Erdogan’s scathing comments came after the rating agencies Moody's and Fitch, sounded alarm about the state of the Turkish banks, citing the impact of the currency sell-off.
The lira’s depreciation has increased the cost of servicing the country’s external debt, around $179 billion of which matures over the course of the year to July 2019.
In an effort to prop up the national currency and make it less attractive for investors to hold foreign-currency deposits, the government said on Friday that it would lower the level of withholding tax on lira bank deposits, while raising it on foreign currency ones.
President Erdogan has repeatedly called on Turks to sell their dollars and euros to buy lira.
In an almost parallel development, Turkey's energy regulator announced a 14 percent hike on electricity prices for industrial enterprises and nine percent for residential use from September 1 in what experts believe will add to the country’s current double-digit inflation.
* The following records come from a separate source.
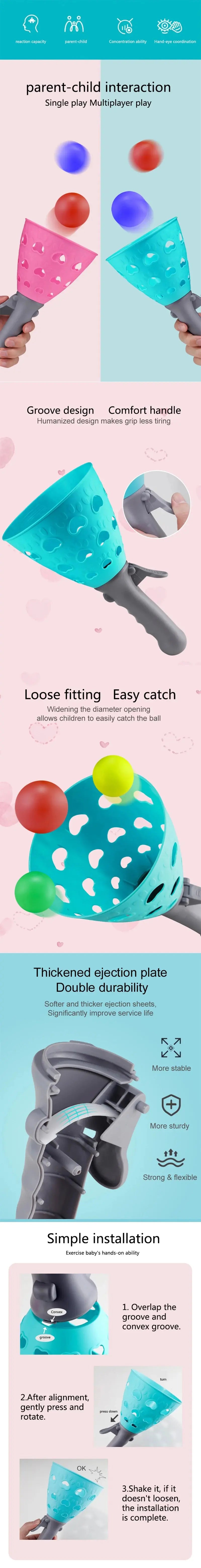 Children Sports Toys Toss & Catch Ball Sticky Balls Summer Outdoor Beach Toy Multiplayer Game Parent-child Interaction Gifts TMZ Pinochio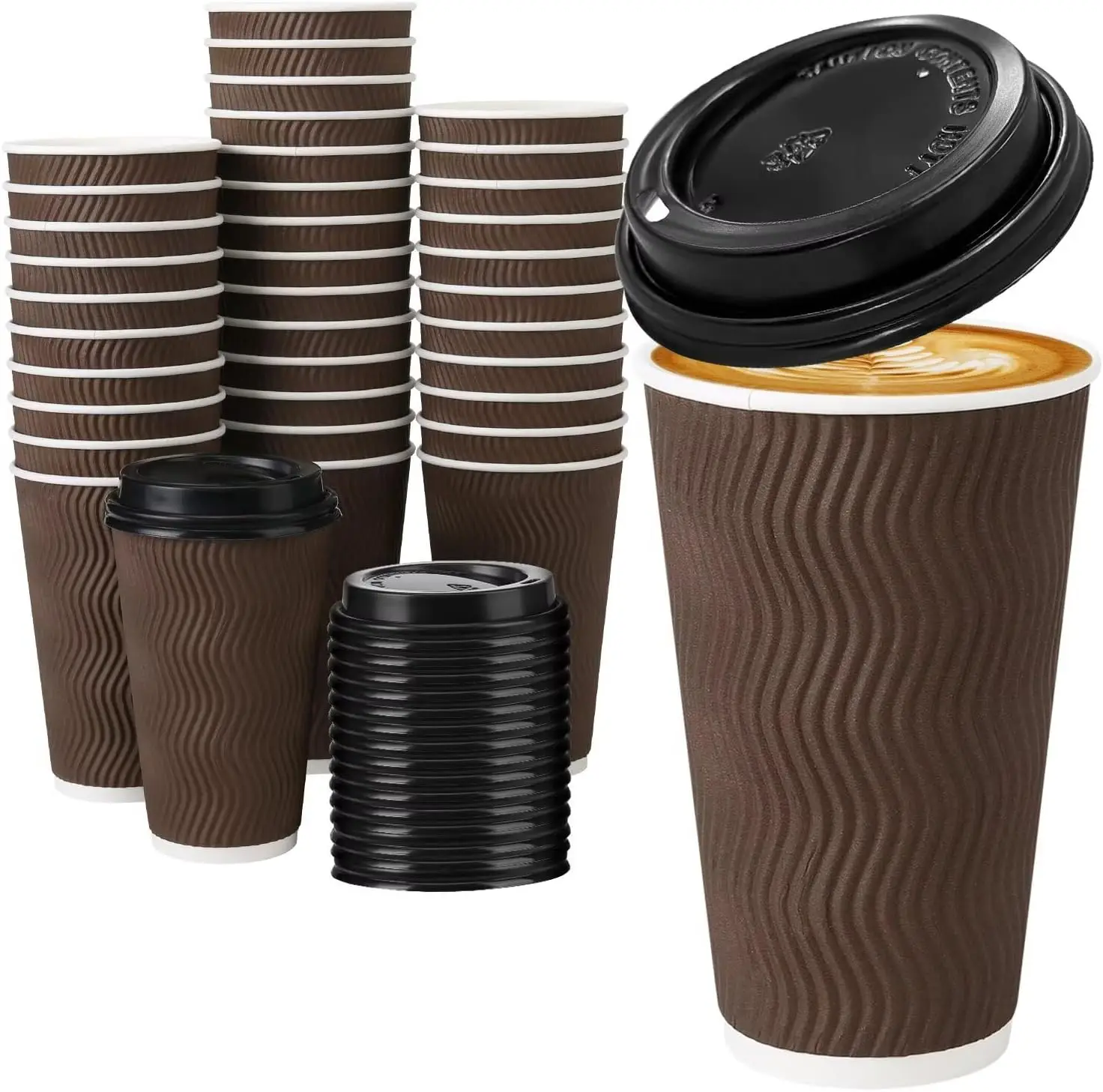 

16 oz Coffee Cups with Lids 50 Pack, Disposable Coffee Cups with Lids, Insulated To Go Paper Coffee Cup for Hot Cold Dri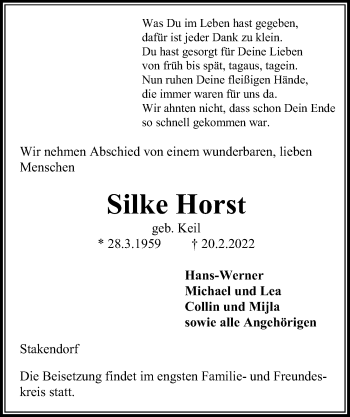 Traueranzeige von Silke Horst von Kieler Nachrichten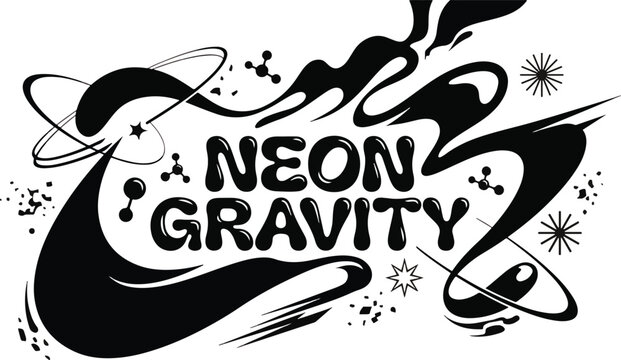 Neon gravity retro space logo design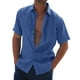 thumbnail image 1 of Camisas Para Hombre Camisa sólida informal para hombre, camisa de manga corta con cuello vuelto, camisa Formal con botones (Blue, L), 1 of 5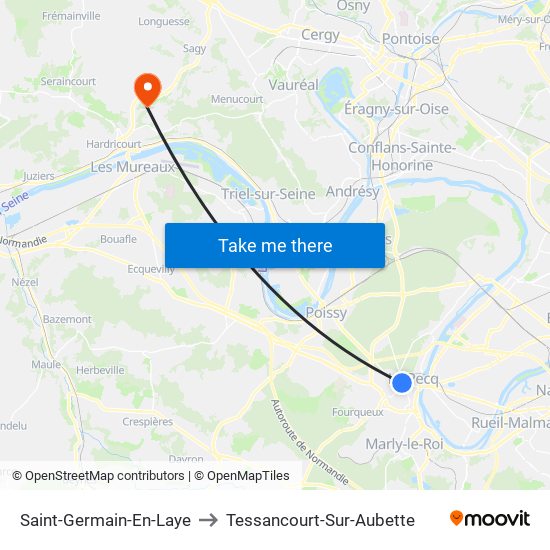 Saint-Germain-En-Laye to Tessancourt-Sur-Aubette map
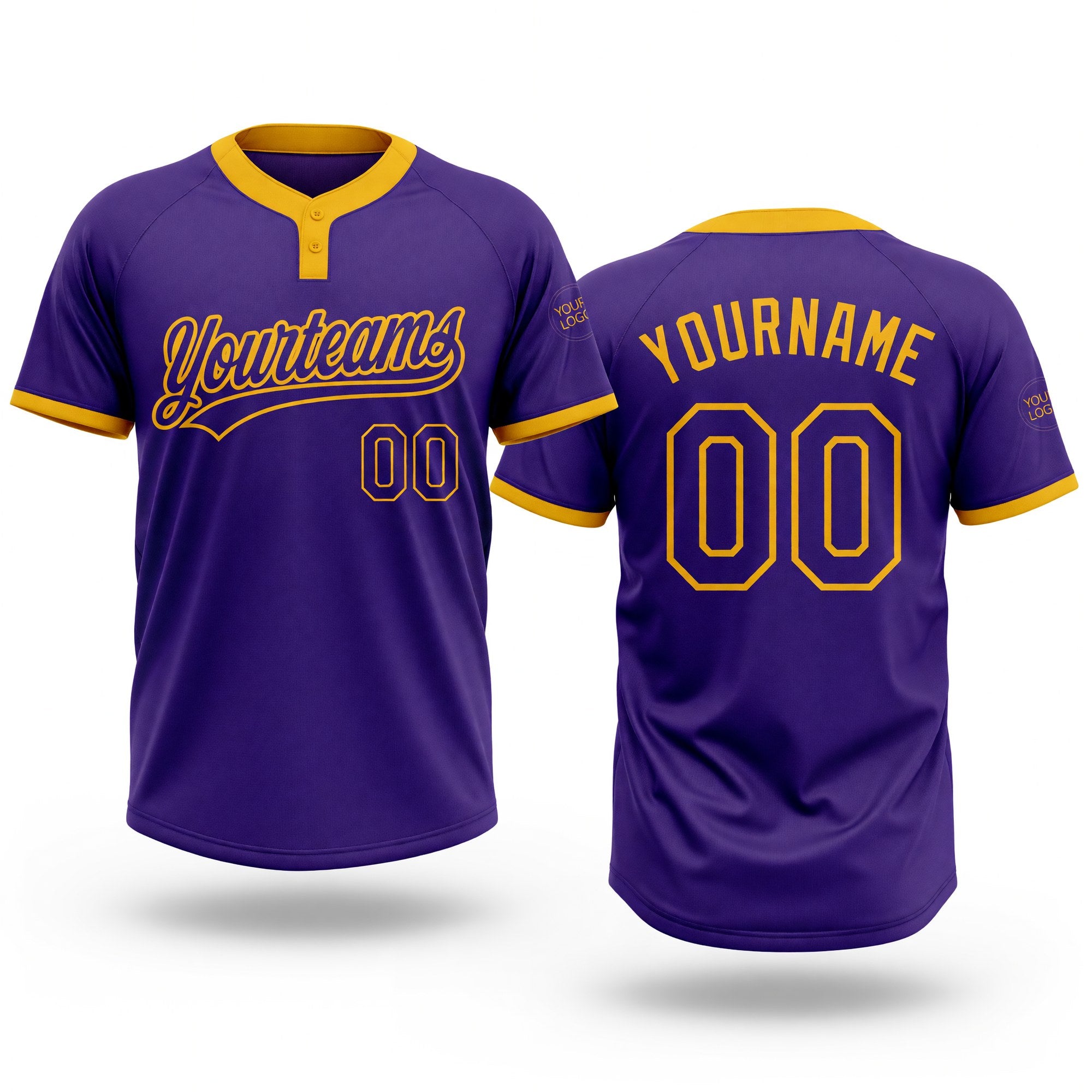 Custom Purple Purple-Gold Two-Button Unisex Softball Jersey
A rift with Washington over the arrest of American pastor Andrew Brunson has added to the lira’s woes.
President Erdogan, who calls himself an “enemy of interest rates,” hopes that lower borrowing costs will encourage credit flows, above all to the construction sector.
This does not sit well with investors, who are holding out for substantial interest rate hikes.
In August, Moody’s announced it had lowered its rating on Turkey to Ba3 from Ba2, a step further into speculative territory. The move came a month after fellow rating agency Fitch also lowered its rating on Turkey, warning that Ankara’s “incomplete policy response” to its deepening economic trouble was unlikely to stabilize its currency and economy for a meaningful amount of time.